> [Problem description]
In the entries below, find the line containing "8 Most recommended" and the line containing "Teacher Appreciation Funny". Copy those two lines and everything between them exactly, without the pictures.

> [Data in this exercise]
####

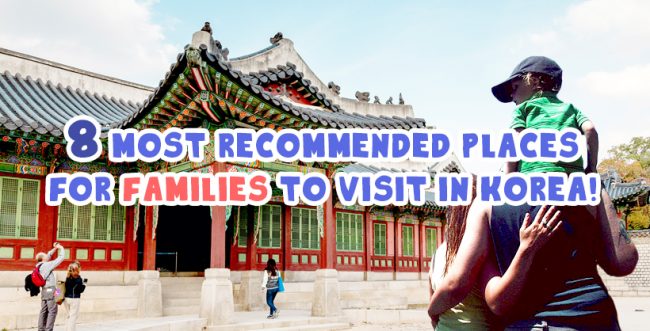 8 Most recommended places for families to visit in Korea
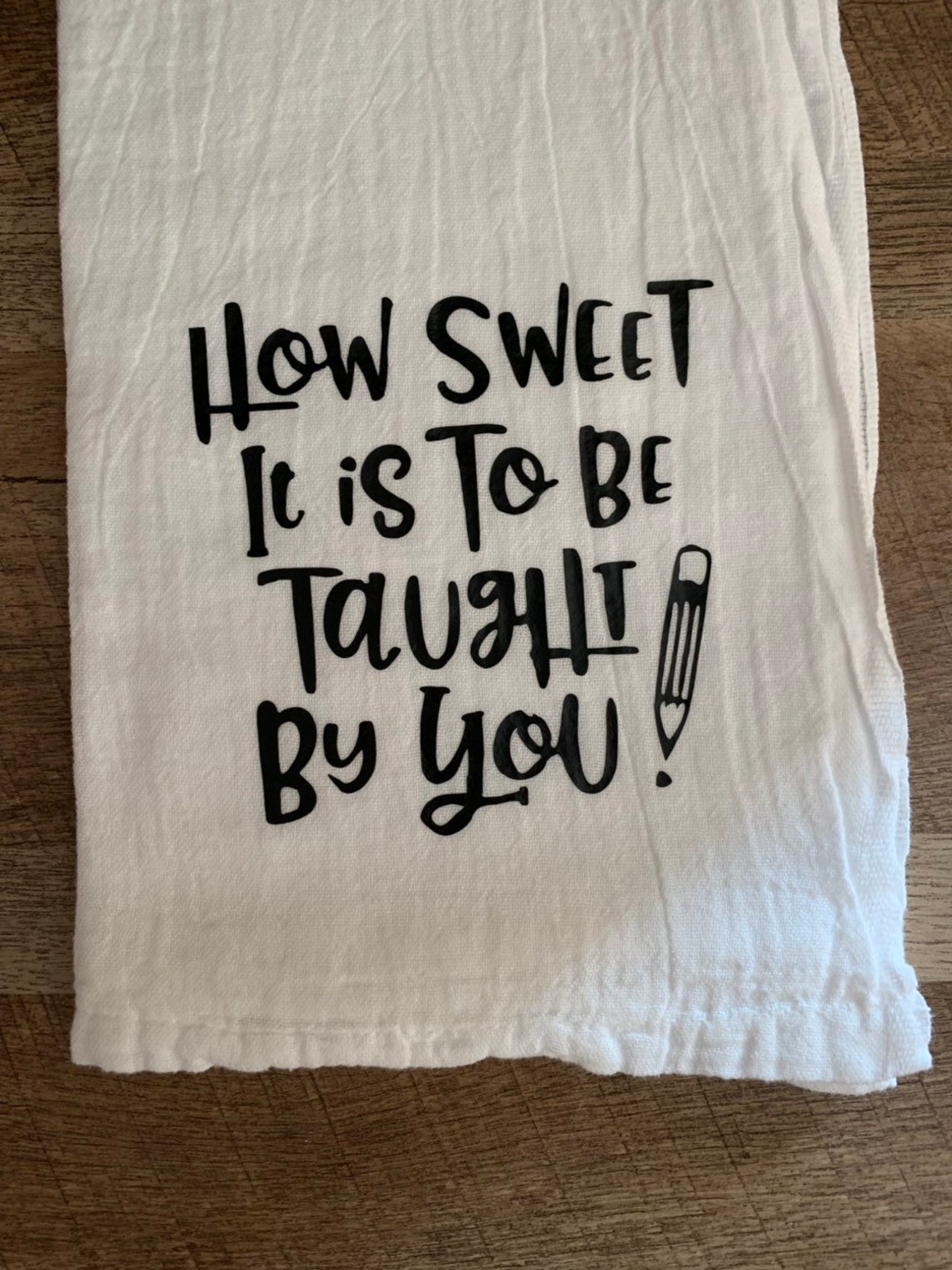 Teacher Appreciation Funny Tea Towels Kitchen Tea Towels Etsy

####

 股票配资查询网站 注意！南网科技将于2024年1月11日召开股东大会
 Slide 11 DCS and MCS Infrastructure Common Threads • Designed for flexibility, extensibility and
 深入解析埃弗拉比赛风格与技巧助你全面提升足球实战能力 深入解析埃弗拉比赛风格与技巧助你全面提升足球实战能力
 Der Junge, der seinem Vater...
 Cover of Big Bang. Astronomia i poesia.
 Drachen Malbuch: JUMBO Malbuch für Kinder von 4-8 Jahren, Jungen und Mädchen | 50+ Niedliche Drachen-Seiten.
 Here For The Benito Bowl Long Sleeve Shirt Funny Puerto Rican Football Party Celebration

####

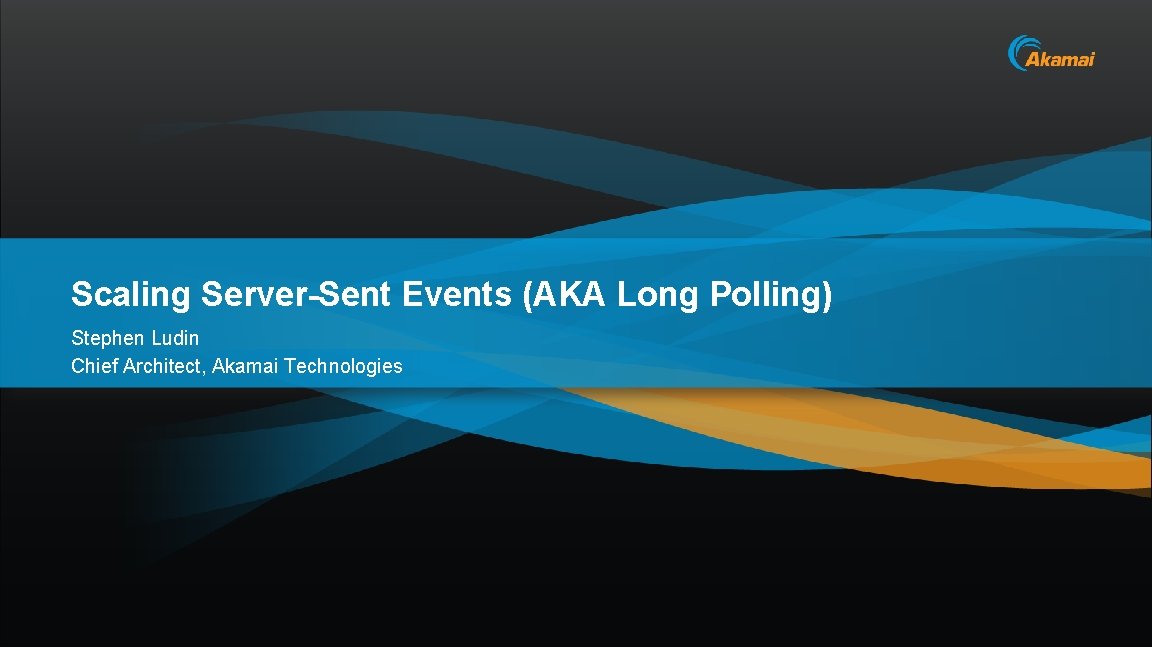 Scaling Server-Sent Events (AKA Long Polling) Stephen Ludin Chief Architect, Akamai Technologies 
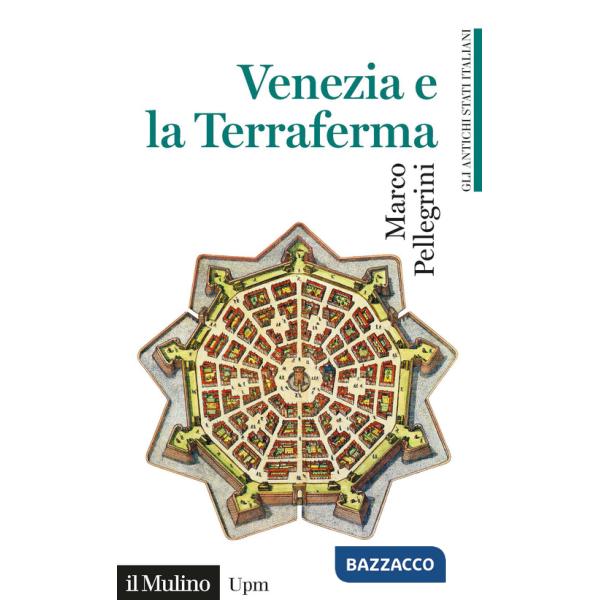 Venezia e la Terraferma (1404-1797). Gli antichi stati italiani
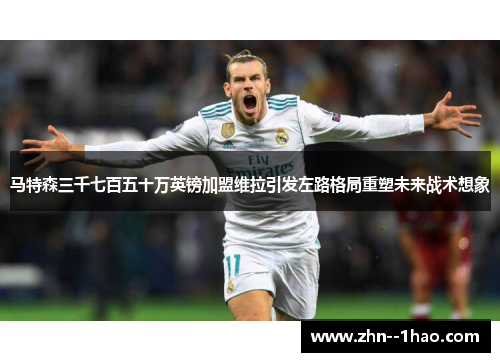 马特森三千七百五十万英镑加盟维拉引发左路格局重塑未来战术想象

####

> [Solution below]
 8 Most recommended places for families to visit in Korea
 Teacher Appreciation Funny Tea Towels Kitchen Tea Towels Etsy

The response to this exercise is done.